Strong physical buying helped pluck gold from a 6-week low on Wednesday after China said bullion would not become a major investment home for its foreign exchange reserves.

The State Administration of Foreign Exchange said U.S. Treasury securities would remain an important market for the managers of China's official currency reserves, but gold would not become a major component of the central bank's portfolio.

Gold dropped to $1,188.60 an ounce, its weakest since May 25, before bouncing to $1,191.45 by 0535 GMT (1:35 a.m. EDT), hardly changed from New York's notional close.

I just came back from lunch and saw good buying, including from Indian jewelers. Clients are hungry for more physical gold now, said a physical dealer in Singapore.

Bullion has dropped more than 5 percent since striking a record above $1,264 an ounce in late June, but turmoil in the financial markets could offer investors a safe haven.

Gold had struck a lifetime high on worries the euro debt crisis was spreading and the U.S. economy was slowing.

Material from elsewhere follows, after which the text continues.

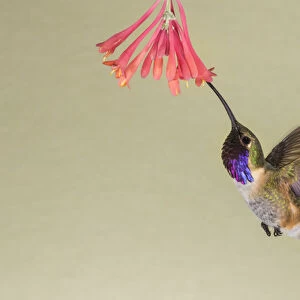Lucifer Hummingbird (Calothorax lucifer) feeding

I wouldn't be surprised to see gold recover back above $1,200 an ounce or may be move even higher in the near term, said David Moore, a commodity strategist at Commonwealth Bank of Australia in Sydney.

At the end of the day, I think the uncertainties in the international economic environment remain significant and they will be supportive for the gold price in the near term.

U.S. gold futures for August delivery fell $3.7 to $1,191.4 an ounce.

The world's largest gold-backed exchange-traded fund, SPDR Gold Trust (GLD.P), said its holdings slipped to 1,316.481 tonnes by July 6 from 1,318.915 on July 2. The holdings hit a record at 1,320.436 tonnes on June 29.

At this stage, I wouldn't read too much into that, said Moore, referring to the decline in ETF holdings. I don't think it's inconsistent with what we're just talking about... may be some profit taking and things like that.

The Nikkei edged down on Wednesday as shares of exporters that rose the day before gave back some gains, even after Wall Street's Tuesday rebound that ended a five-day string of losses. .T .N

The physical sector was active in Singapore and Hong Kong, and steady demand from jewelers and other physical buyers across Asia led to supply tightness.

We've been selling gold since last week, but it's difficult to get hold of materials within a short period, said another physical dealer in Singapore, who trades gold bars. The market may also turn around too quickly. That's why it's difficult for both customers and sellers, he added.

The euro dipped on Wednesday but was still hovering near a recent seven-week high, with traders saying it could rise further in the near term due to doubts about a recovery in the U.S. economy and positive technical signals.